Воинствующий атеист: 67%
Теист: 8%
Агностик: 17%
Апатеист (равнодушный атеист): 75%
Духовный атеист: 75%
Научный атеист: 42%

----------


## Tiop

Тогда он не буддист, не следует Дхамме.

Относительно пустой болтовни Будда говорит во многих наставлениях для мирян и бхиккху. Да и не в этом дело.

----------


## Дима Чабсунчин

> Тогда он не буддист, не следует Дхамме.


Не все буддисты следуют Дхамме. Можно быть буддистом и совершать неблагие деяния, и не быть буддистом - и не совершать. Десять неблагих очень похожи на христианские заповеди, но это не значит, что христиане - буддисты.  :Wink:

----------


## Tiop

Не очень понимаю, к чему Вы это. Если сознательно и добровольно принял обеты и не следует, значит нарушает себе же данные обеты. Если не принимает, то не буддист.

----------


## Tiop

Дима, ну я же предполагаю, что всё-таки Вы немного знаете про буддизм Тхеравады.  Хотел написать, но подумал что это и так известно. Ок. Буддистом в Тхераваде становится тот, кто принимает пять обетов и прибежище в Трех Драгоценностях.

----------


## Дима Чабсунчин

> Дима, ну я же предполагаю, что всё-таки Вы немного знаете про буддизм Тхеравады.  Хотел написать, но подумал что это и так известно. Ок. Буддистом в Тхераваде становится тот, кто принимает пять обетов и прибежище в Трех Драгоценностях.


А если он нарушает обеты, он перестает быть буддистом?! Допустим, Тиоп, вы выпили водки и соблазнили чужую жену, вы перестаете быть буддистом?  :Confused:

----------


## Tiop

Я же говорю, это сознательно принятые обеты. Если по каким-то причинам они нарушаются, если человек не изменяет своей приверженности Трём Драгоценностям, то это повод пересмотреть своё поведение и больше сил прилагать для их соблюдения.

----------


## До

> Знаменитый Ничирен тоже так думал  (много сделал для прекращения деятельности всех буддийских школ в Японии, кроме собственной).


Махаяна одна - от Будды. Махаянских школ - много. Но моя мысль заключалась в том, что махаяна основывается не только на махаянских сутрах, а основывается и признаёт все сутры, т.е. и махаянские и Агамы (аналог Никаи) и винаю. В то время как некоторые школы махаянские сутры не признавали.




> "Действия речи", кстати, подпадают под ложь по сути.


Интересно как такие действия речи как грубая речь и сплетни попадают под ложь по сути?

----------


## Дима Чабсунчин

> Я же говорю, это сознательно принятые обеты.

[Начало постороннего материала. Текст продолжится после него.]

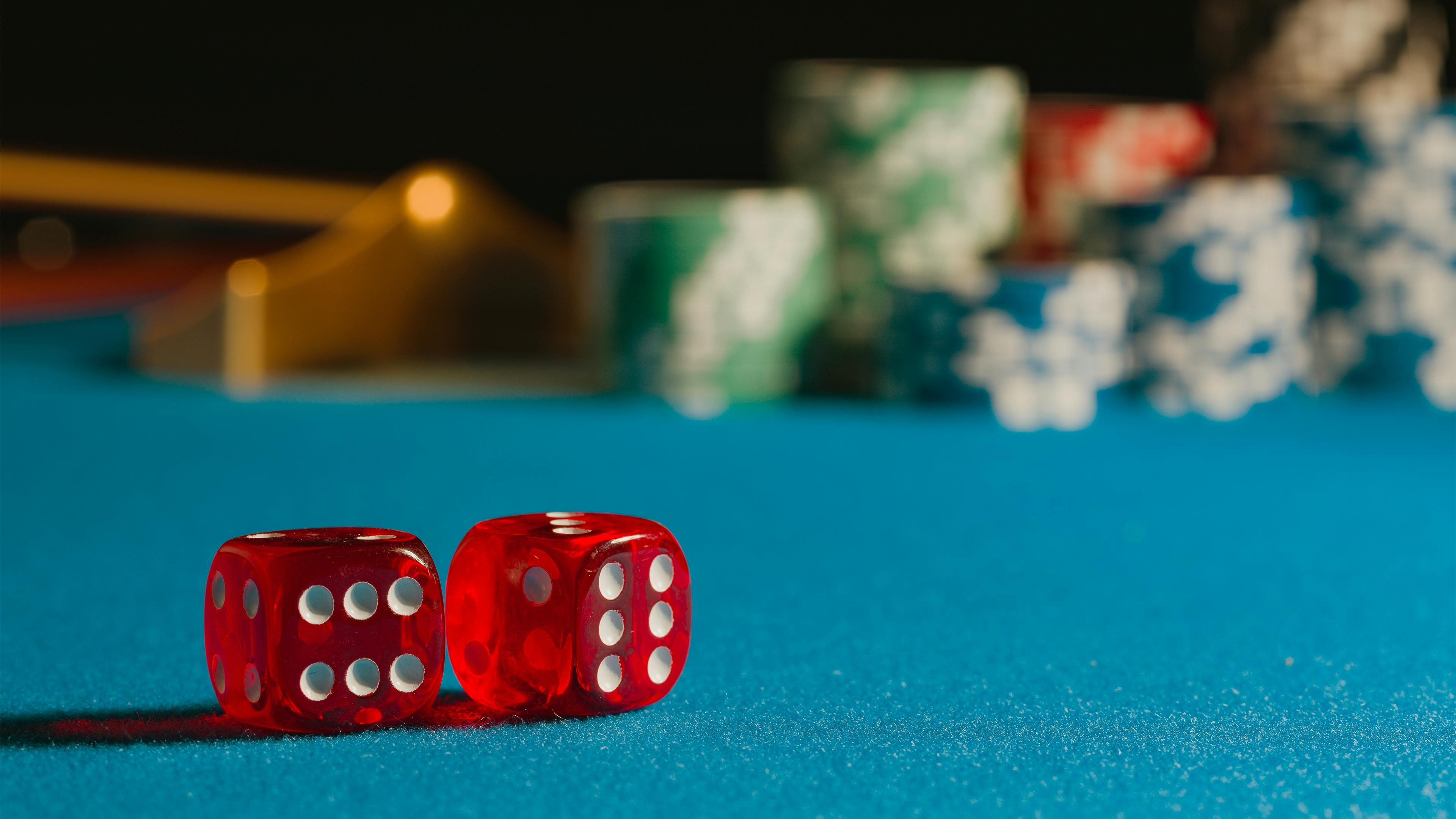 Dadu77 lobby game cara akses panduan daftar deposit bermain penarikan kemenangan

Если по каким-то причинам они нарушаются, если человек не изменяет своей приверженности Трём Драгоценностям, то это повод пересмотреть своё поведение и больше сил прилагать для их соблюдения.


Отлично, но чуть выше вы написали, что если человек не соблюдает обеты, "тогда он не буддист".

----------


## Tiop

Итак:




> То есть, если он сознательно не принимает обет, то тогда он не совершает ничего негативного, когда обманывает, клевещет, сквернословит и бранится, болтает по делу и без дела?





> Тогда он не буддист, не следует Дхамме.





> Если сознательно и добровольно принял обеты и не следует, значит нарушает себе же данные обеты. Если не принимает, то не буддист.





> Махаяна одна - от Будды.


Ничирен тоже так думал. Да и не только он, примеров много. Вы, конечно, знаете, какая именно махаяна от Будды. Про все сутры и говорить не о чем.




> Интересно как такие действия речи как грубая речь и сплетни попадают под ложь по сути?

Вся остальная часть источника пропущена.